After leaving Hopetoun we had to take a picture of the bridges over the Firth.
We continued southeast to Rosslyn Chapel, which we had all been looking forward to. We arrived about an hour before closing, enough time to explore the small, but elaborately and very detailed designed chapel. A small gothic church in the village of Roslin south of Edinburgh, built in the 15th century from local sandstone. This church was (exceptionally) not a location of Outlander, but of The Da Vinci Code with Tom Hanks and very, very famous.
The different sandstone colours on the outside walls are wonderful, while on the inside everything is in even light grey. There are only a few areas in the small chapel that are not decorated with friezes and ornaments, they decorate the walls, the columns, the windows, the complete ceiling and consist of flowers, tendrils and leaves and special figures from angels to grimaces, one can hardly get enough of seeing and certainly discover something something new every day. From outside, the chapel is absolutely beautiful in the bright sandstone colours, there is also a large memorial stone and in the adjacent area, they built a shelter where restoration work is documented as well as a map of the surroundings. We could see that to its right it borders to the area of the Roslin Glen Park, where the breathtaking fight scene of Jamie and Claire was shot after their rescue from Fort William. Unfortunately, while the entrance of the park can be easily reached, but the old ruins, the actual filming place, are located almost a mile inside and unfortunately we had no time for this walk in the late afternoon, but we wanted to visit another important castle.
Craigmillar Castle is located on the southern outskirts of
Edinburgh and was open half an hour longer than the previous Rosslyn Chapel. So we could have a look around that evening. This castle ruin was used to represent Ardsmuir
Prison. We first admired the large courtyard, which we already knew from TV, then the courtyard with its crooked pine trees and the different rooms, whereby I stayed with Karin mainly on the
ground floor. Mary Queen of Scots had been held captive here for a while as well, there is an explanation board in the 1st floor, but unfortunately both the floor and the ceiling are missing in this
room, which is why Sabine could look down from up there to us on the ground floor.

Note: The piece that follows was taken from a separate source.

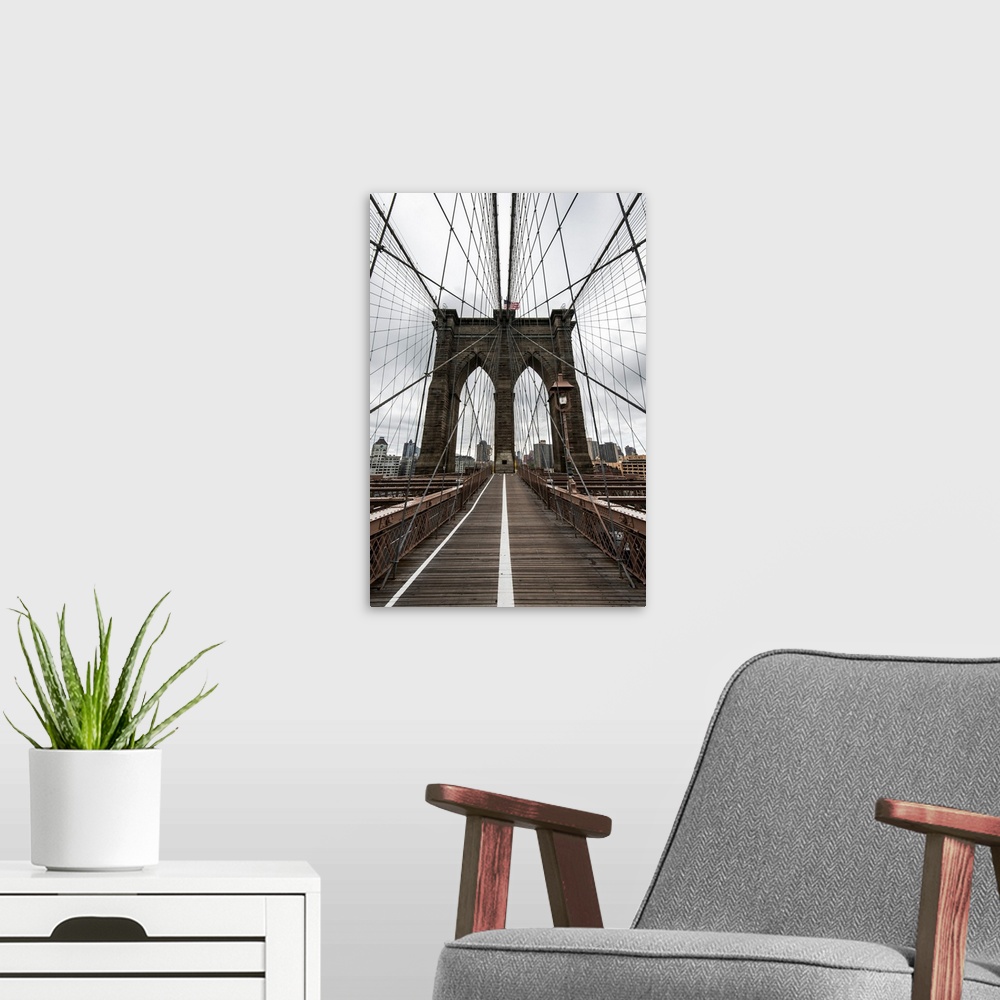 A modern room featuring Brooklyn bridge in New York, USA.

There are many angles and cross connections to the rooms, there's so much to explore and visitors also can also climb up to the platform in a height of approximately 5 floors from where they have a magnificent view to the wider surroundings. While Karin and I waited for the others at the gate, the guard told us about the shooting that had taken place only last year in summer, for the movie Outlaw King, the true story of Robert the Bruce, who led a numerically far inferior but successful campaign against the English around 1300 and becam King of the Scots. Chris Pine plays the leading role. I will definitely watch the film in cinema!

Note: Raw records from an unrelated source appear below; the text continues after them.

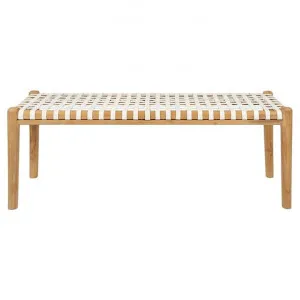 Gerti Woven Leather & Teak Timber Bench, 120cm, White / Natural by MRD Home, a Benches for sale on Style Sourcebook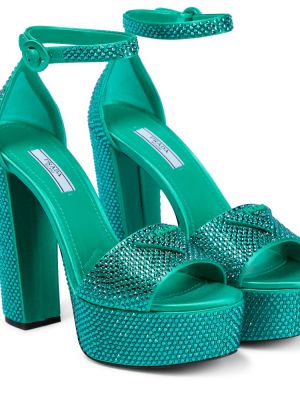 Сатенени сандали на платформе Prada зелено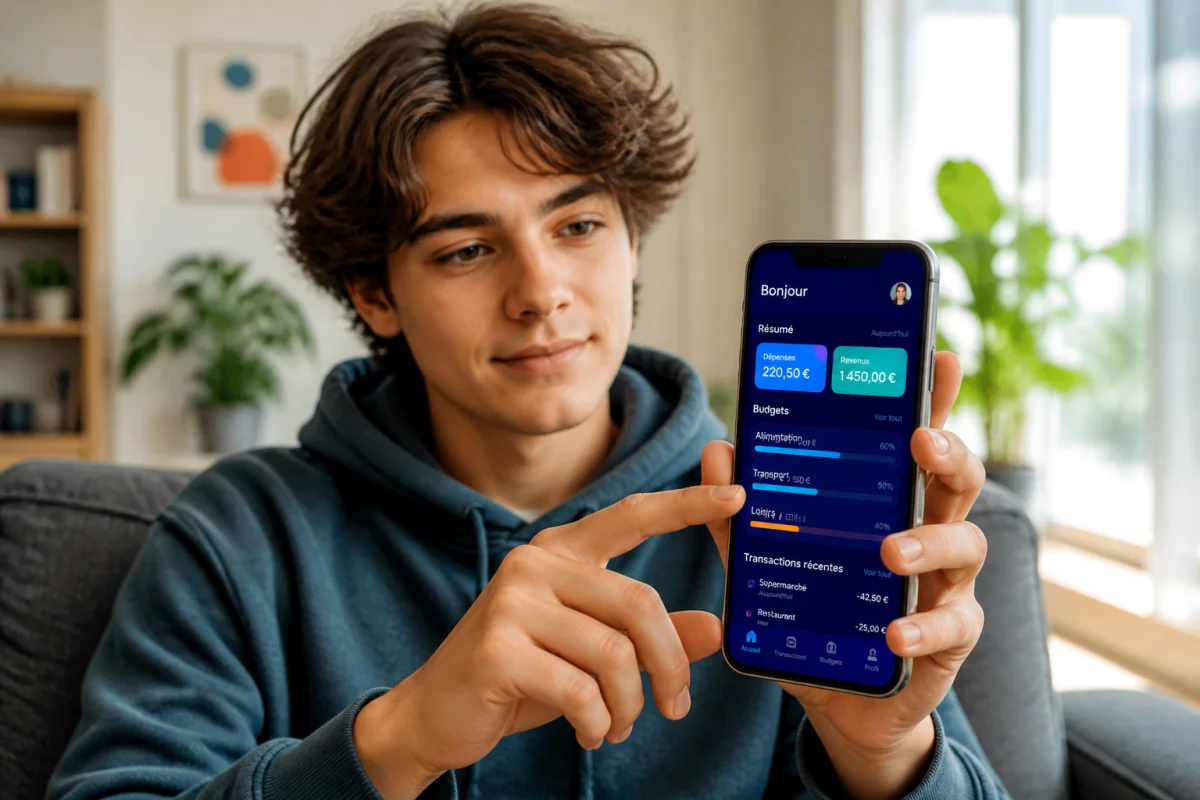 Jeune personne consultant son smartphone dans un salon lumineux pour savoir comment voir qui a vu ma story Instagram.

Now we got back to the apartment to get prepared for our very last evening. Christina felt a little better
after the peace and quiet she had enjoyed throughout the day and she was able to accompany us to dinner. I had reserved a table at Fisher's in the City for half past seven, my
favorite restaurant in Edinburgh. On the way we noticed, because we had already been a bit late anyway and the traffic was relatively dense towards the city, that we would not arrive
in time. Since we feared that our table would possibly be given to somebody else, Sabine called and announced without further ado in my name a 20-minute delay. On Thistle
Street, I couldn't find a parking space and let the girls get out, made a tour around the block, but the few free parking places were for residents only, another one unfortunately too small
for our big car, so I parked at the crossroads. Because I had been forced to wait for several minutes at traffic lights, I arrived almost 10 minutes late. My girlfriends were a bit dismayed, because
the menu was relatively expensive, but luckily there was still a day menu, not quite so expensive, on which we all found something tasty. Conny and I chose the fish soup and the fish platter. As
always, the quality was excellent and tasty, while unfortunately not everyone had the same portions, and we had one last great evening. Graham, the waiter and supporting actor, also had
plenty of time for us. He told us about his role in season 4, so we will look for a shaved pirate at Stephen Bonnet's side. Although I think it's unlikely in principle, the pirates in Outlander have
shaved daily. But Graham was allowed to wear his beard last year, when he was allowed to play in the Scottish film Outlaw King! The production had searched for "men with good beards". I decided all
the more to watch this movie as soon as possible. We had a really nice time with Graham. Our other waitress and restaurant manager Claire also took good care of us. Sabine still had a little present
for each of us from her shopping tour, a whisky glass from Auchintoshan with a piece of fudge and I got from her the great picture book Outlander's Scotland, which is one of
the few books I didn't have yet. Thank you very much, Sabine!
Claire took a nice group picture with Graham, then we went home over the bridge for the last time, not without the "helpful" advice of our satnav!